(WORK REQUIRED): All records are to be transcribed in full; any pictures among them are to be skipped.
*** DATASET ENTRIES ***
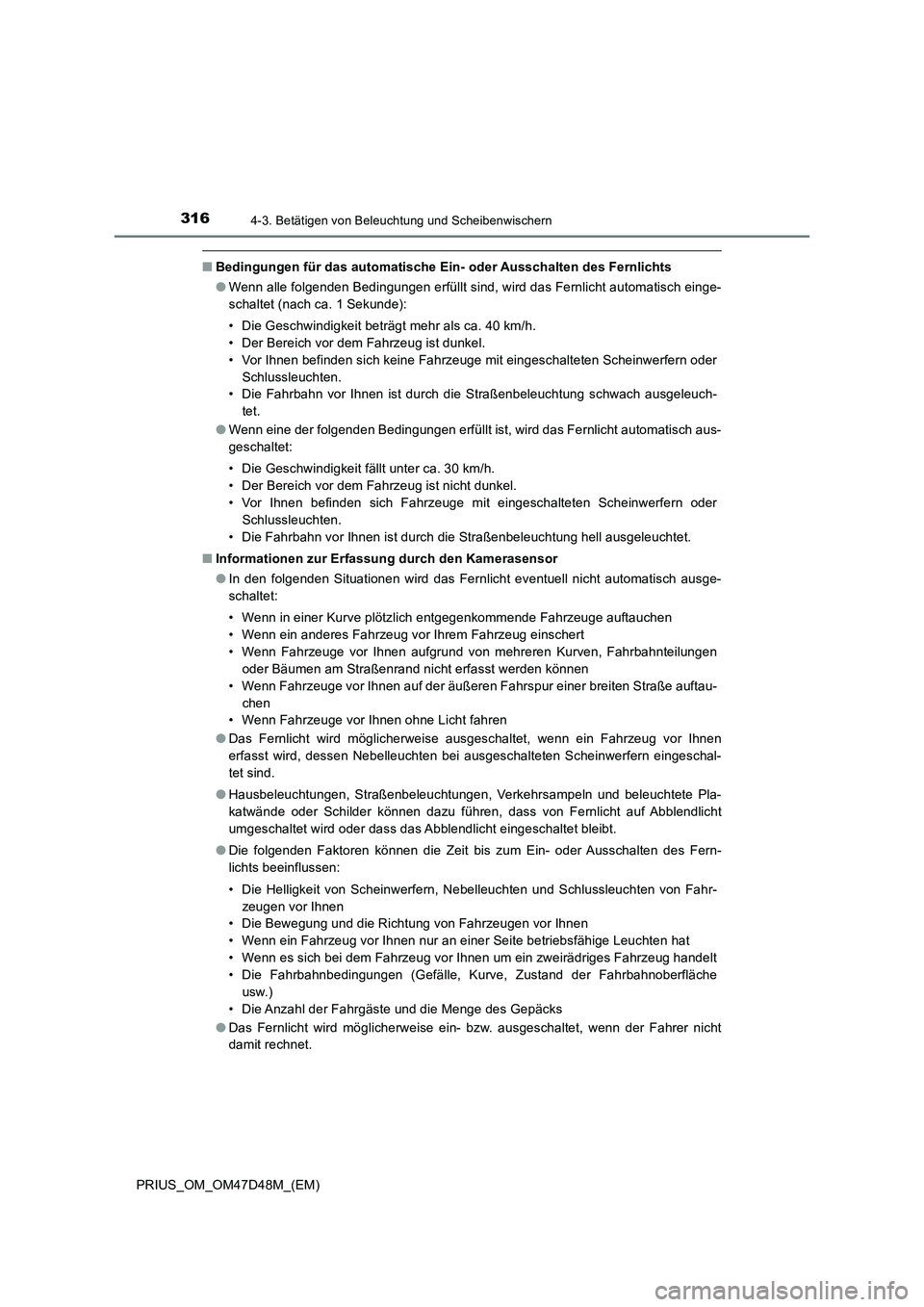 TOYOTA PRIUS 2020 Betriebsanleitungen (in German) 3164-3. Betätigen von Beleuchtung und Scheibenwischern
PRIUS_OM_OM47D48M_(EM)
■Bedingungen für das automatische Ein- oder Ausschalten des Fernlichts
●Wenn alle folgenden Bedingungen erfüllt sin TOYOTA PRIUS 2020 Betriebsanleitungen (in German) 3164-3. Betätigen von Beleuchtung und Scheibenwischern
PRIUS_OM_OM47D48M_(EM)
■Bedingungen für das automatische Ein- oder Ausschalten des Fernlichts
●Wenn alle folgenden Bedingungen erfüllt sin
***
(ANSWER BELOW):
 TOYOTA PRIUS 2020 Betriebsanleitungen (in German) 3164-3. Betätigen von Beleuchtung und Scheibenwischern
PRIUS_OM_OM47D48M_(EM)
■Bedingungen für das automatische Ein- oder Ausschalten des Fernlichts
●Wenn alle folgenden Bedingungen erfüllt sin TOYOTA PRIUS 2020 Betriebsanleitungen (in German) 3164-3. Betätigen von Beleuchtung und Scheibenwischern
PRIUS_OM_OM47D48M_(EM)
■Bedingungen für das automatische Ein- oder Ausschalten des Fernlichts
●Wenn alle folgenden Bedingungen erfüllt sin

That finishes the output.